The order Neuroptera is a specific order of insects that includes lacewings, antlions, and mantidflies. This order contains over 4,000 species worldwide. The name neuroptera is a combination the of Greek words neuro and pteron, which translate to nerve, or neuron, and wing, which gives rise to their more commonly known name of net-winged insects. All of the insects belonging to this order have large wings that are finely netted, and are carnivorous.
All members of the Neuroptera order undergo complete metamorphosis. This means that they go through four different stages of development to complete their life cycle. The four stages of metamorphosis are egg, nymph or larva, pupa, and adult. Complete metamorphosis separates this order of insects from other orders that may only undergo incomplete metamorphosis such as going from egg to larva to adult.
Lacewings belong to the families Hemerobiidae and Chrysopidae, and include the brown lacewings and the green lacewings. Brown lacewings (Hemerobius species) are found in wooded areas, and have brown bodies and brown tinted laced wings with brown veins. They are approximately 3/8 to 5/8 inch long, and both the larva and the adult feed on aphids, mealy bugs and other soft-bodied insects. The green lacewings (Chysopa species) are found in gardens, orchards, and fields, and have bright green bodies with transparent laced wings with green veins. They are similarly sized to the brown lacewings, and also eat aphids and other small soft-bodied insects. In both the brown and green lacewings, the wings are held over the body like a tent when the insect is at rest. Green lacewings are commercially bred and sold as a natural pest control to farmers and growers to help combat aphid infestations.

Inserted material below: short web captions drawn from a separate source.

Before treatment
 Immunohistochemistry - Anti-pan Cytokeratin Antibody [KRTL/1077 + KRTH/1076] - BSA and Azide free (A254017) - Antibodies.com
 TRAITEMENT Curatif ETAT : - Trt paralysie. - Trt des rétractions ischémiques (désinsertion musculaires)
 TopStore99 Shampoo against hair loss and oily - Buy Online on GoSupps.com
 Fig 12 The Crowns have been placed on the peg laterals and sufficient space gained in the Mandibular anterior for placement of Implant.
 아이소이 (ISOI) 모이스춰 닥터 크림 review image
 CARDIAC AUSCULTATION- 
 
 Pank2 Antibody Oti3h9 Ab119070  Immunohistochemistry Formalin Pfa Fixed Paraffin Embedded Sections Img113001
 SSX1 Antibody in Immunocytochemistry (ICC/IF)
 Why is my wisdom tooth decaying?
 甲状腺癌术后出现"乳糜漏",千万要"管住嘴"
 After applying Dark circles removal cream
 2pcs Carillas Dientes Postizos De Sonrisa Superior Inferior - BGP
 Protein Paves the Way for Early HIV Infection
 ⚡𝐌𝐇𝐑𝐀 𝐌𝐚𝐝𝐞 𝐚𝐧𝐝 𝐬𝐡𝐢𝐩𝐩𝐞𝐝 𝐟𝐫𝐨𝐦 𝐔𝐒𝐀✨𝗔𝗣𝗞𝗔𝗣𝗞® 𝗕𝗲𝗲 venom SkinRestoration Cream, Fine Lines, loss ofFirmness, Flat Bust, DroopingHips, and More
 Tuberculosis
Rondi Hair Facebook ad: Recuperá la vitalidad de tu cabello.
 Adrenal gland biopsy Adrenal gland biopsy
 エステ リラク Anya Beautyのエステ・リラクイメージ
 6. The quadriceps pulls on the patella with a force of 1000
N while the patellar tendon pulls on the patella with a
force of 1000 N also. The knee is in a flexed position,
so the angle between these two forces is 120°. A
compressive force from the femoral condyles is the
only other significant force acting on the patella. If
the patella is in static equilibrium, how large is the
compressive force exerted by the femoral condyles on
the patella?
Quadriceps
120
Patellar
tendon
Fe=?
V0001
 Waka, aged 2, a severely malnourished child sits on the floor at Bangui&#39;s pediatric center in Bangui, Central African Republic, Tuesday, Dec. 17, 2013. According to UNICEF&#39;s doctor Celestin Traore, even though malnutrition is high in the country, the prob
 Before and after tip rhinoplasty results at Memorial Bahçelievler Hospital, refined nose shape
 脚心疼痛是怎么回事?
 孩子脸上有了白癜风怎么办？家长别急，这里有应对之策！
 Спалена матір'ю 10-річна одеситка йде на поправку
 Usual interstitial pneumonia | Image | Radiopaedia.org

Antlions belong to the family Myrmeleontidae, and resemble dragon flies or damselflies with long netted wings that fold over their backs. The adults can measure 1 to 6 inches long, depending on the species. Antlions are much more well known in their larval stage than in their adult stage. In their larval stage, antlions live in sand and create small pits. Underneath the sand at the bottom of the pit, the antlion waits for an ant or another small soft-bodied insect to fall into the pit, where it will then be captured, dragged under the sand, and consumed. Antlions spend 1 to 3 years as larva before constructing a pupa of silk and sand to complete the final metamorphosis step. Also known as doodlebugs for the doodle-like drawings the larva will make in the sand, antlion larva are commonly kept as pets in terrariums filled with sand. Adult antlions eat nectar or rarely eat at all. After they become adults, antlions breed and lay eggs in the sand and then die after only 30 to 45 days as an adult.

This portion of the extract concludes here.